Label-free OIRD detection of protein microarrays on high dielectric constant substrate with enhanced intrinsic sensitivity

Meng Li; Xiaoyi Li; Dandan Ji; Yuda Ren; Shiwu Qian; Wei Sun; Weihua Hu

doi:10.1016/j.talanta.2024.126201

Label-free OIRD detection of protein microarrays on high dielectric constant substrate with enhanced intrinsic sensitivity

Talanta. 2024 May 6:276:126201. doi: 10.1016/j.talanta.2024.126201. Online ahead of print.

Authors

Meng Li¹, Xiaoyi Li¹, Dandan Ji¹, Yuda Ren¹, Shiwu Qian¹, Wei Sun², Weihua Hu³

Affiliations

¹ Key Laboratory of Luminescence Analysis and Molecular Sensing (Southwest University), Ministry of Education, School of Materials and Energy, Southwest University, Chongqing 400715, China.
² Key Laboratory of Laser Technology and Optoelectronic Functional Materials of Hainan Province, Key Laboratory of Functional Materials and Photoelectrochemistry of Haikou, College of Chemistry and Chemical Engineering, Hainan Normal University, Haikou 571158, China.

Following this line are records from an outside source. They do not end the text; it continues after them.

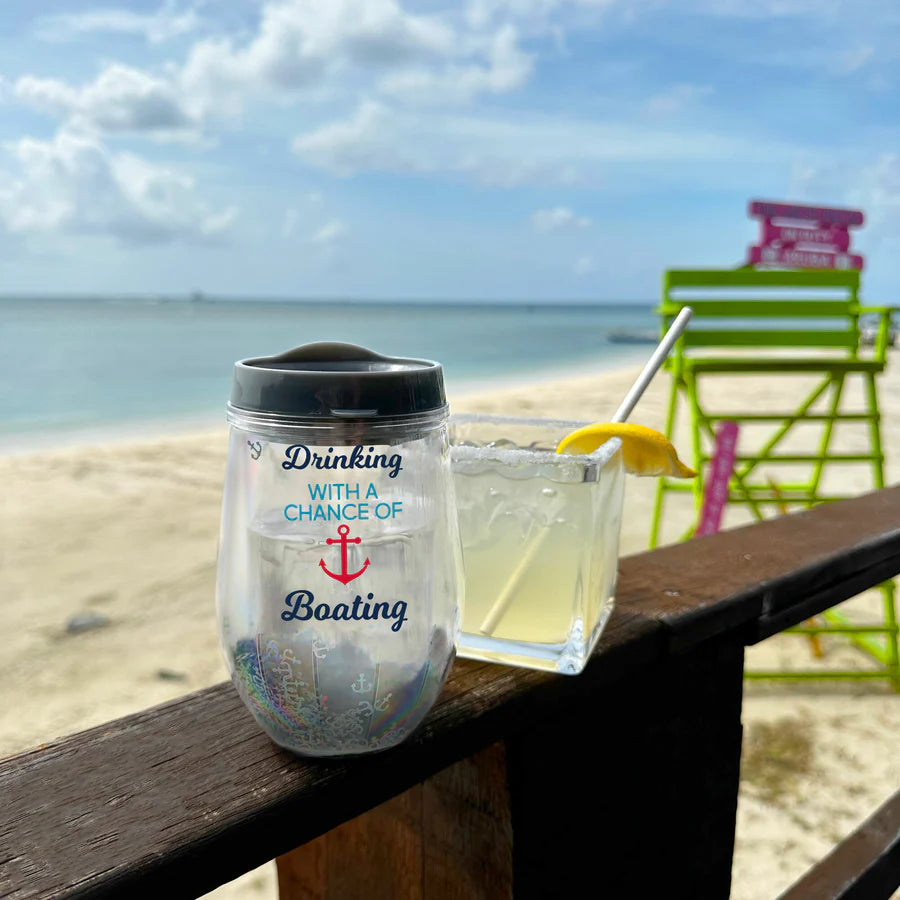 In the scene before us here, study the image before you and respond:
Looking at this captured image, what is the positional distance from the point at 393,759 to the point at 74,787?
0.61 feet

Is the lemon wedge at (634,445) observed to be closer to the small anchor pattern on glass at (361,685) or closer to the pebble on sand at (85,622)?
the small anchor pattern on glass at (361,685)

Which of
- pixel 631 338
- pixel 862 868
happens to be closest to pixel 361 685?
pixel 862 868

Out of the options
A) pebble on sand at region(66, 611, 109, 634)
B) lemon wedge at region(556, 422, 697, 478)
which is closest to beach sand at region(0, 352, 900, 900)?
pebble on sand at region(66, 611, 109, 634)

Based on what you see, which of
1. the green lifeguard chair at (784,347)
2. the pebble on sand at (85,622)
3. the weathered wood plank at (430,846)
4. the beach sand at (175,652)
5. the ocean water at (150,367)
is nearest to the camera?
the weathered wood plank at (430,846)

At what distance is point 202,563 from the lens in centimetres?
429

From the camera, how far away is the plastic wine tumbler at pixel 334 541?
17.6 inches

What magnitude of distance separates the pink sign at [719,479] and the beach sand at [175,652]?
58 cm

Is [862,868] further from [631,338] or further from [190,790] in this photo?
[631,338]

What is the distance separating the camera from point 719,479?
264 centimetres

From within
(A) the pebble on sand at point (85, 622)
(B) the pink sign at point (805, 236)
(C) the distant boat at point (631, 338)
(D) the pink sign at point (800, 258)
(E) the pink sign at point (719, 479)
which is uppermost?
(B) the pink sign at point (805, 236)

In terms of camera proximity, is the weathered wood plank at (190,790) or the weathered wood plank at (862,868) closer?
the weathered wood plank at (190,790)

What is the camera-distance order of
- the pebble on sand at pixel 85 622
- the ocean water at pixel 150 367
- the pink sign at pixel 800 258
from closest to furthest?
the pink sign at pixel 800 258
the pebble on sand at pixel 85 622
the ocean water at pixel 150 367

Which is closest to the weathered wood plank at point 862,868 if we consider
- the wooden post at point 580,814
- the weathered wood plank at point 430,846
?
the wooden post at point 580,814

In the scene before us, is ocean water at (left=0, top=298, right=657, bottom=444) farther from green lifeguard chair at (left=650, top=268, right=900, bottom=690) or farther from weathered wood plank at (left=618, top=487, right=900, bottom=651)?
weathered wood plank at (left=618, top=487, right=900, bottom=651) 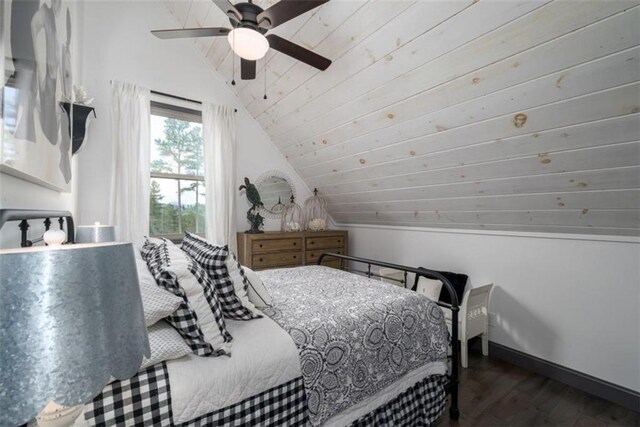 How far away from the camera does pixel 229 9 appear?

Electronic address: sunwei@hainnu.edu.cn.
³ Key Laboratory of Luminescence Analysis and Molecular Sensing (Southwest University), Ministry of Education, School of Materials and Energy, Southwest University, Chongqing 400715, China. Electronic address: whhu@swu.edu.cn.

PMID: 38718653
DOI: 10.1016/j.talanta.2024.126201

Abstract

Oblique-incidence reflectivity difference (OIRD) is a dielectric constant-sensitive technique and exhibits intriguing applications in label-free and high-throughput detection of protein microarrays. With the outstanding advantage of being compatible with arbitrary substrates, however, the effect of the substrate, particularly its dielectric constant on the OIRD sensitivity has not been fully disclosed. In this paper, for the first time we investigated the dependence of OIRD sensitivity on the dielectric constant of the substrate under top-incident OIRD configuration by combining theoretical modeling and experimental evaluation. Optical modeling suggested that the higher dielectric constant substrate exhibits a higher intrinsic sensitivity. Experimentally, three substrates including glass, fluorine-doped tin oxide (FTO) and silicon (Si) with different dielectric constants were selected as microarray substrates and their detection performances were evaluated. In good agreement with the modeling, high dielectric constant Si-based microarray exhibited the highest sensitivity among three chips, reaching a detection limit of as low as 5 ng mL^-1 with streptavidin as the model target. Quantification of captured targets on three chips with on-chip enzyme-linked immunosorbent assay (ELISA) further confirmed that the enhanced performance originates from the high dielectric constant enhanced intrinsic OIRD sensitivity. This work thus provides a new way to OIRD-based label-free microarrays with improved sensitivity.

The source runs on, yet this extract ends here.